▶ [Task requirements]: Nothing but a verbatim copy of the data, minus the images, should be returned.

Excerpted records START

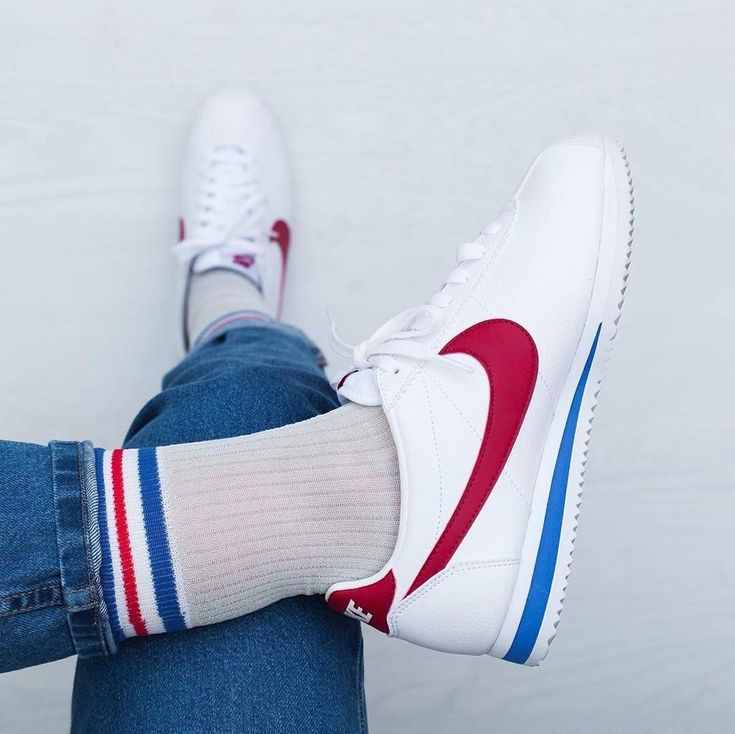 Nike cortez basic noir
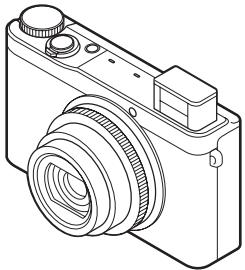 FUJIFILM XQ1 - Manuel du propriétaire - 1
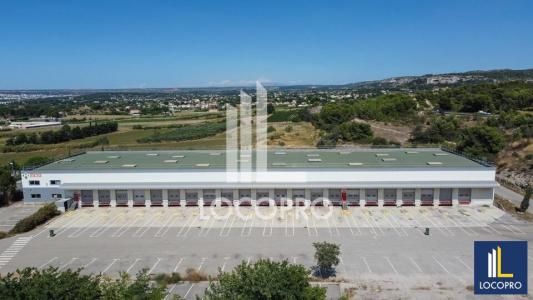 For rent Commerce GIGNAC-LA-NERTHE  13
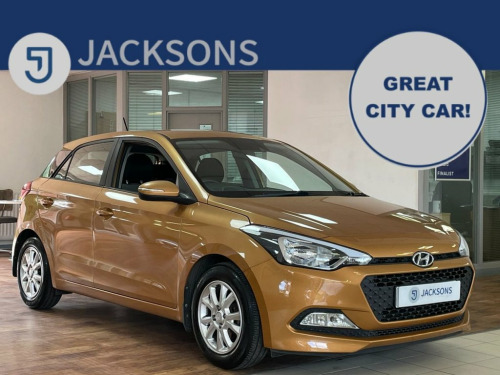Hyundai i20  1.2 Blue Drive SE Hatchback 5dr Petrol Manual Euro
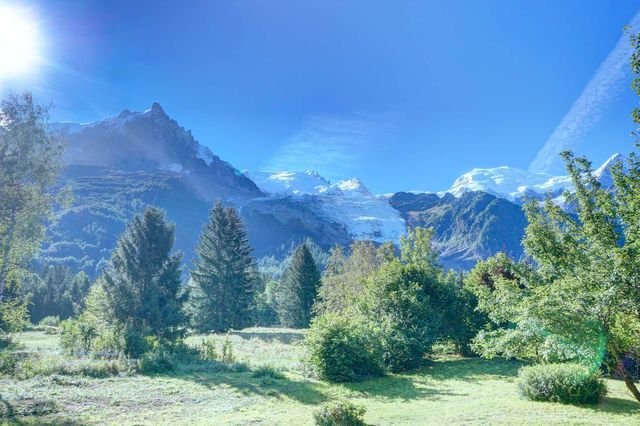 maison à vendre - 7 pièces - 197.0 m2 - CHAMONIX MONT BLANC - 74 - RHONE-ALPES - Century 21 Mont-Blanc Invest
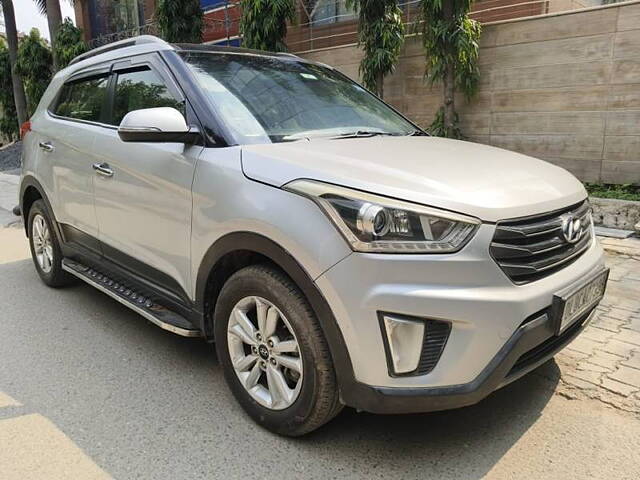 Used Hyundai Creta [2015-2017] 1.6 S Petrol in Delhi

Excerpted records END

▶ [Solution for this task]:
 Nike cortez basic noir
 FUJIFILM XQ1 - Manuel du propriétaire - 1
 For rent Commerce GIGNAC-LA-NERTHE  13
Hyundai i20  1.2 Blue Drive SE Hatchback 5dr Petrol Manual Euro
 maison à vendre - 7 pièces - 197.0 m2 - CHAMONIX MONT BLANC - 74 - RHONE-ALPES - Century 21 Mont-Blanc Invest
 Used Hyundai Creta [2015-2017] 1.6 S Petrol in Delhi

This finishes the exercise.